Exercise description: The listing must be copied out in full and exactly; no images go with it.

Source material:

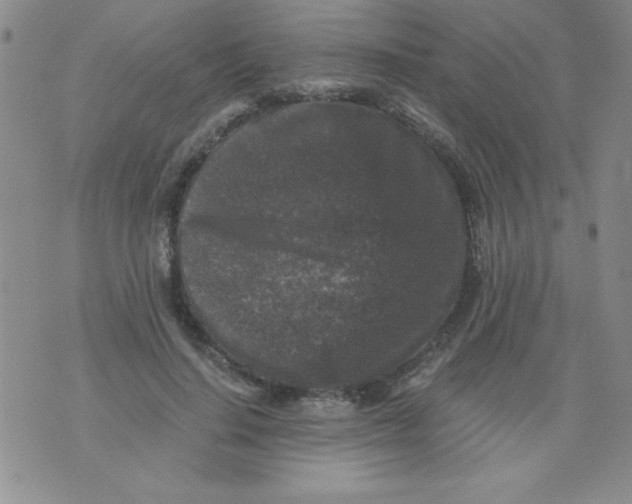 X0000076030644200610152048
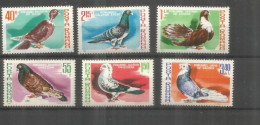RUMANIA PALOMA PIDGEON AVE PAJARO BIRD 1961 - Pigeons & Columbiformes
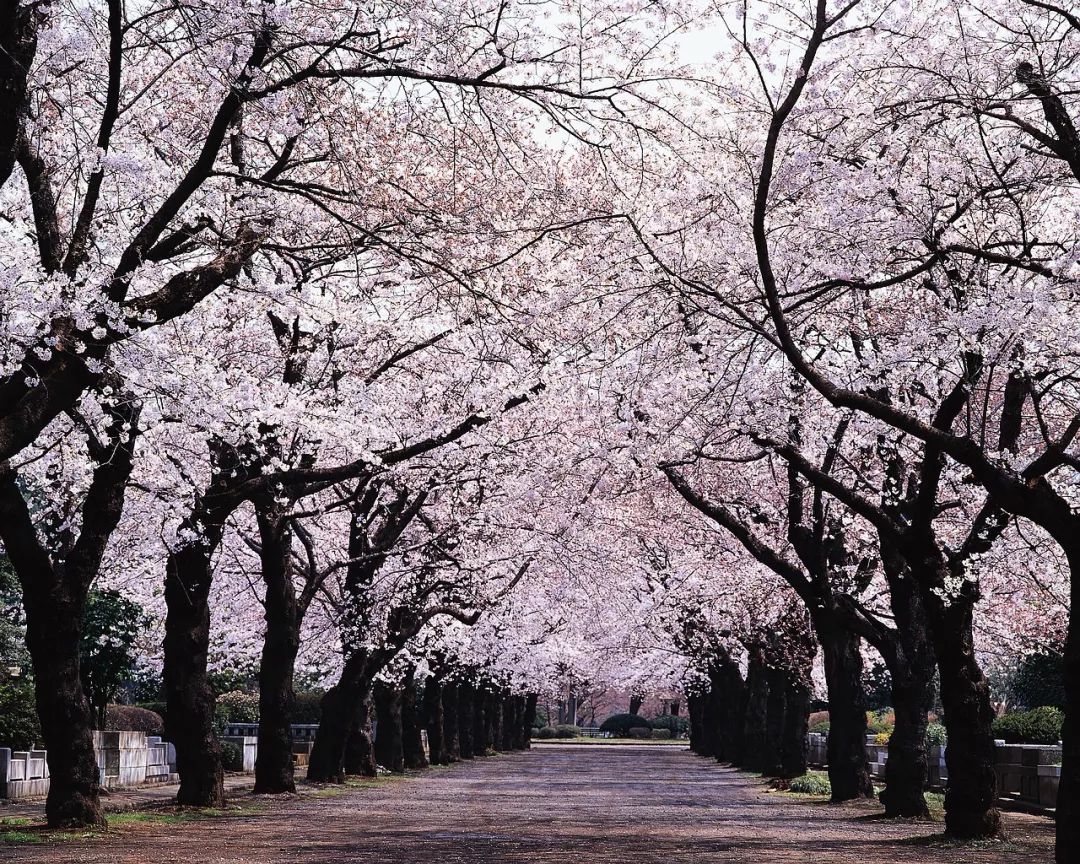 北海道的樱花会迟到 但精彩从不缺席 知日 微信公众号文章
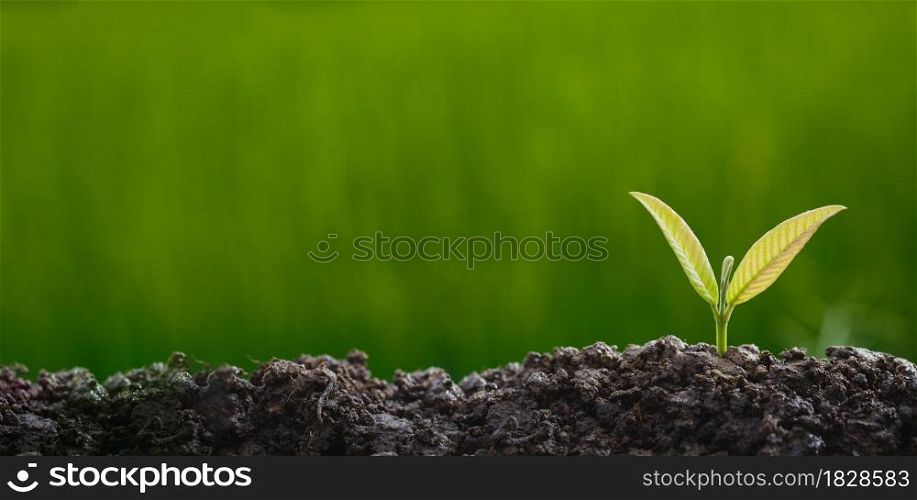Planting trees to grow in the soil on greenery background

Answer section:
 X0000076030644200610152048
RUMANIA PALOMA PIDGEON AVE PAJARO BIRD 1961 - Pigeons & Columbiformes
 北海道的樱花会迟到 但精彩从不缺席 知日 微信公众号文章
Planting trees to grow in the soil on greenery background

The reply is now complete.